Die ukrainische Armee habe Brücken zerstört und beschieße vom Westteil der Stadt aus eine "Todeszone" von 200 bis 800 Metern entlang des Flusses. Das mache es "sehr herausfordernd für die Wagner-Kräfte, ihren Frontalangriff nach Westen fortzusetzen". Moskau nennt solche Berichte Desinformation.

Aber auch das Institut für Kriegsstudien (ISW) aus den USA berichtete, dass es den Wagner-Söldnern zunehmend schwer falle, im Stadtgebiet signifikante Fortschritte zu machen.

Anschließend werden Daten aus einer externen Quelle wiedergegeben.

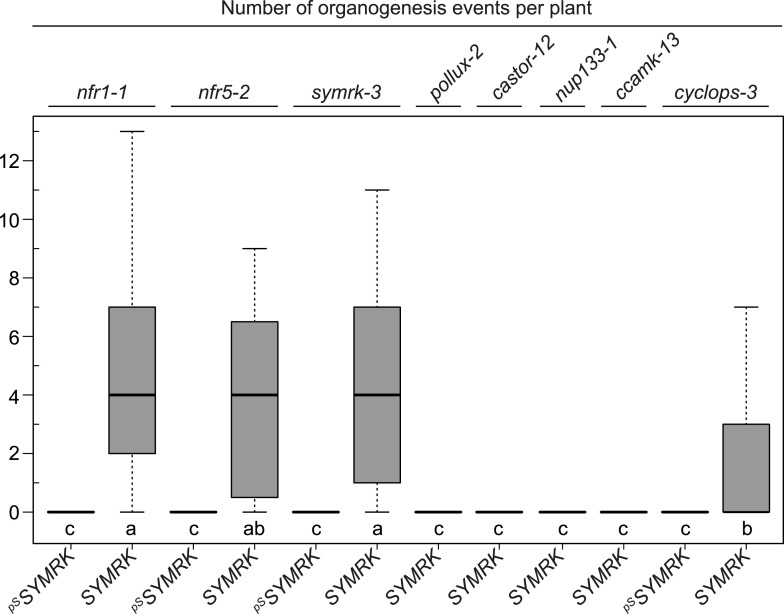 Figure 5—figure supplement 1.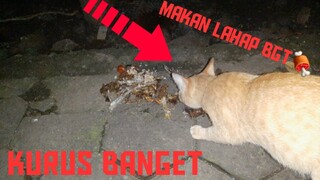 Beri makan kucing Jalanan Di tengah corona kasian😭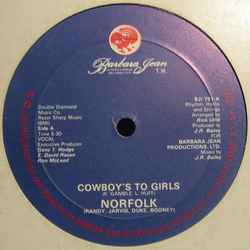 Norfolk / The Norfolk Orchestra Cowboy's To Girls Vinyl 12" USED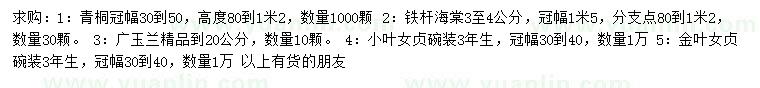 求购青桐、铁杆海棠、广玉兰等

Schlacht um Bachmut hat Symbolwert

Bachmut ist seit dem Spätsommer umkämpft. Die Stadt ist Hauptteil der ukrainischen Verteidigungslinie im Donezker Gebiet. Bei einem Erfolg öffnete sich für die Russen der Weg zu den Großstädten Slowjansk und Kramatorsk.

Die Ukraine wird nach den Worten ihres Außenministers deswegen Bachmut trotz schwerer Verluste weiter verteidigen. Je länger das möglich sei, desto größer sei die Wahrscheinlichkeit, "dass andere Städte nicht das gleiche Schicksal erleiden".

Einige Experten hatten zuvor den Sinn weiterer Kämpfe um Bachmut in Frage gestellt. Beobachter zweifeln zwar an der strategischen Bedeutung der Stadt, die Schlacht hat für beide Seiten mittlerweile jedoch einen symbolischen Wert erlangt.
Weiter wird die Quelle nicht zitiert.